**ASSIGNMENT**
Include the line containing "Pnoe Thryallis |" and every line after it up to the end of the material below; reproduce them exactly and drop the pictures.
══ DATA EXTRACT
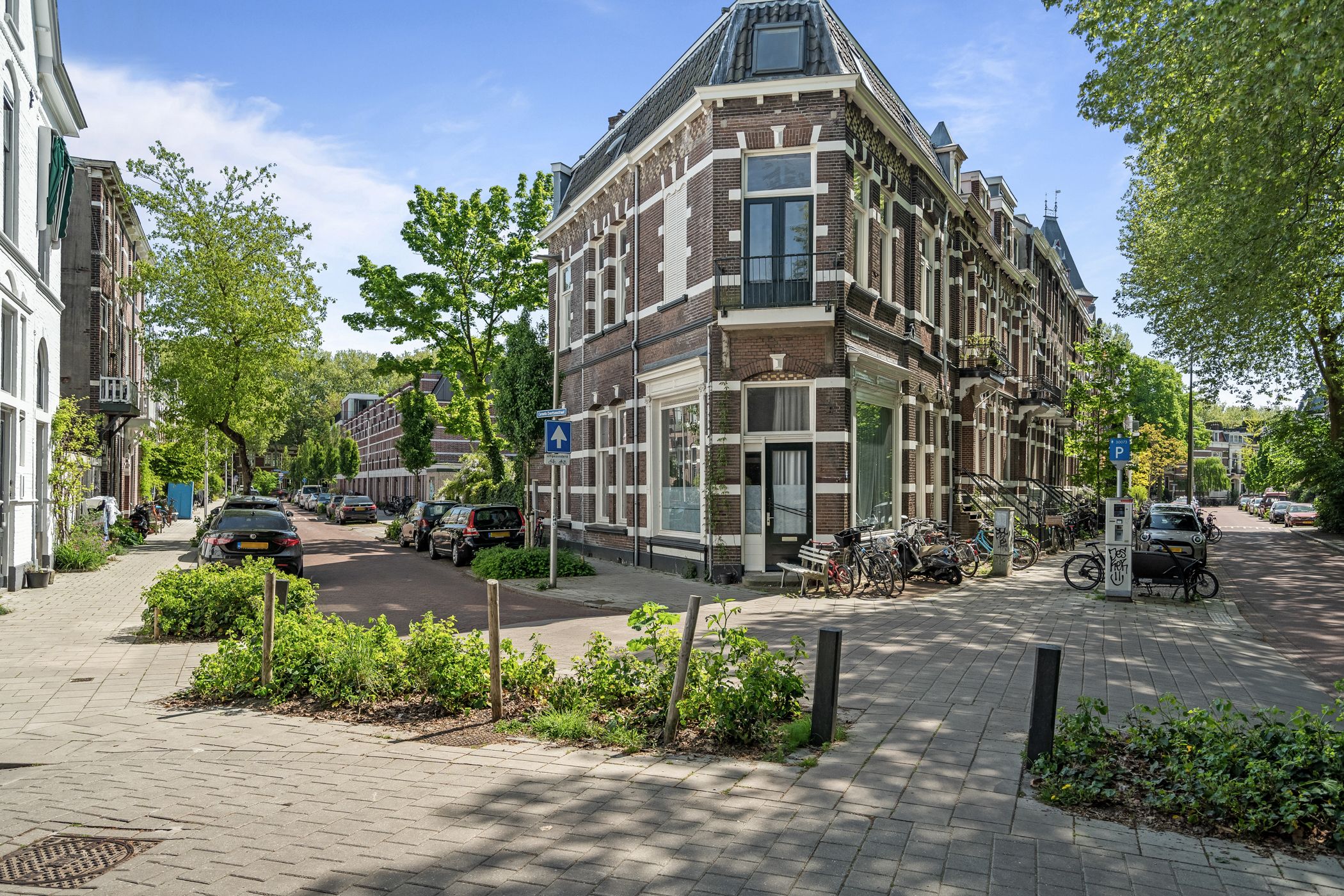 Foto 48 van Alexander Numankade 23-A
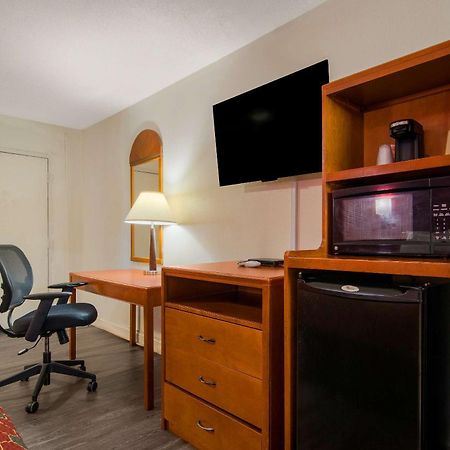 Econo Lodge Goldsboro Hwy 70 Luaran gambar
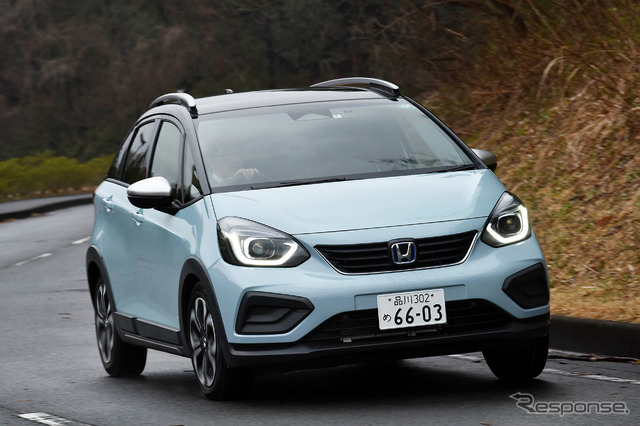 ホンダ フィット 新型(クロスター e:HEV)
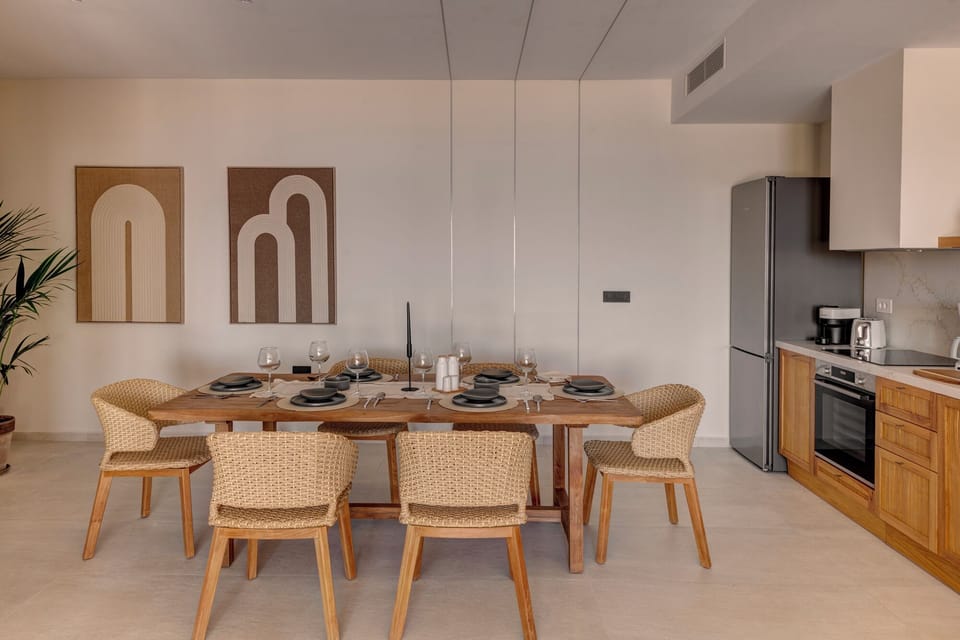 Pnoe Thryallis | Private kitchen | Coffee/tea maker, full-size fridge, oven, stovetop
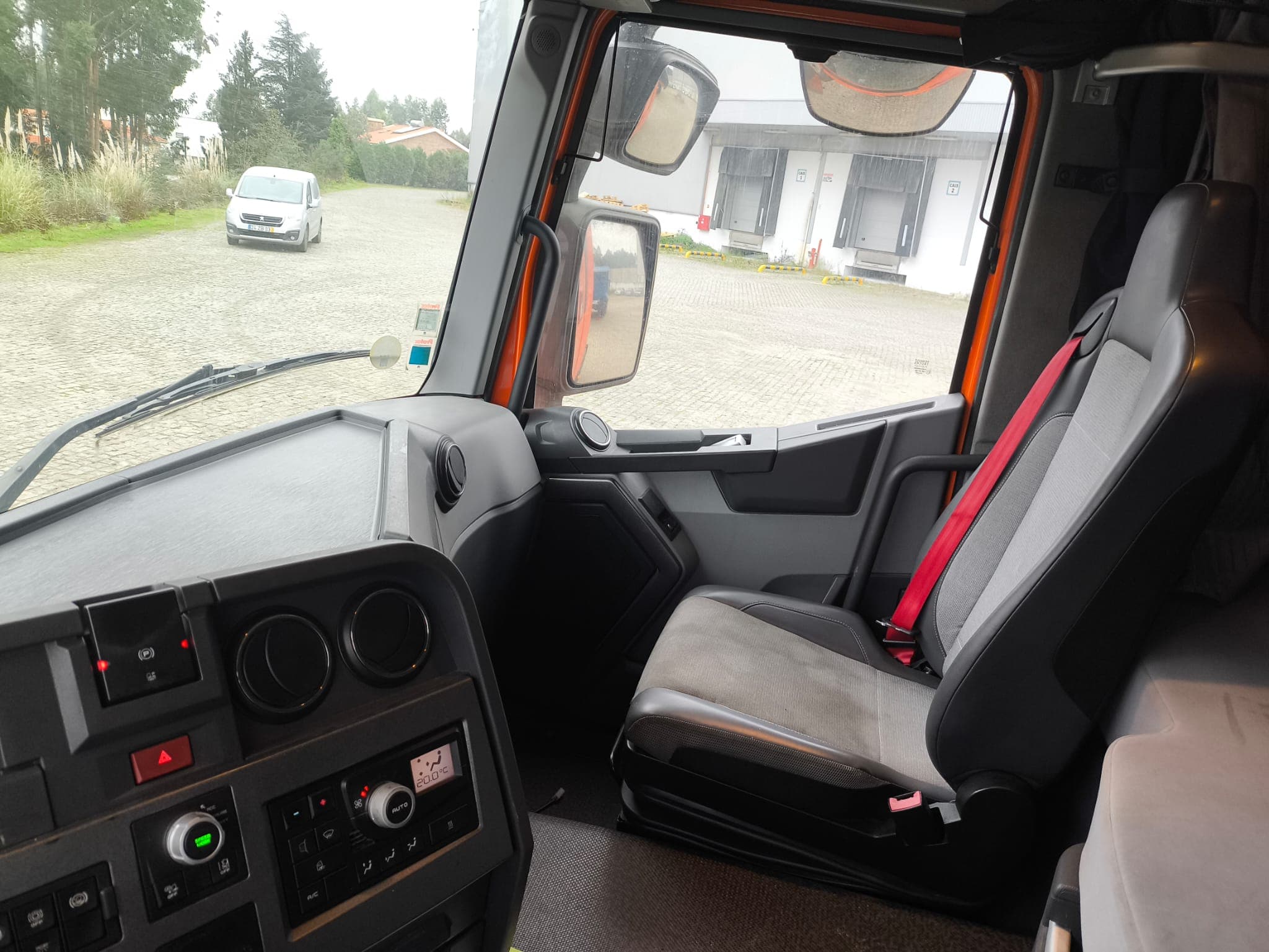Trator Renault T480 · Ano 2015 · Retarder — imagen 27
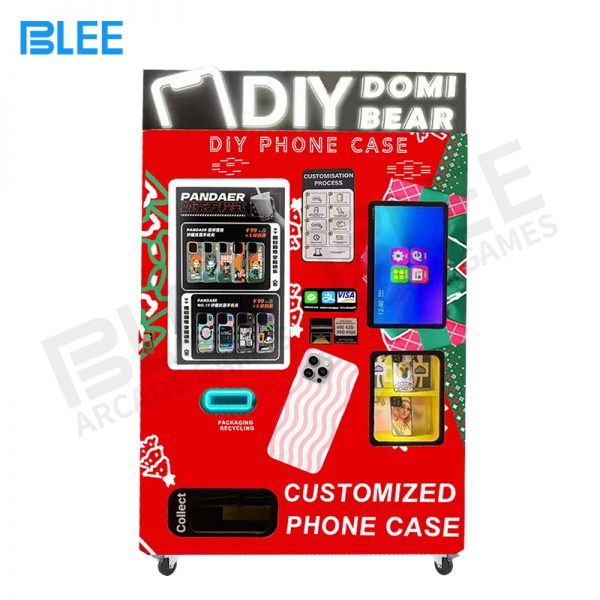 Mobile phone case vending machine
════
**EXERCISE OUTPUT**
 Pnoe Thryallis | Private kitchen | Coffee/tea maker, full-size fridge, oven, stovetop
Trator Renault T480 · Ano 2015 · Retarder — imagen 27
 Mobile phone case vending machine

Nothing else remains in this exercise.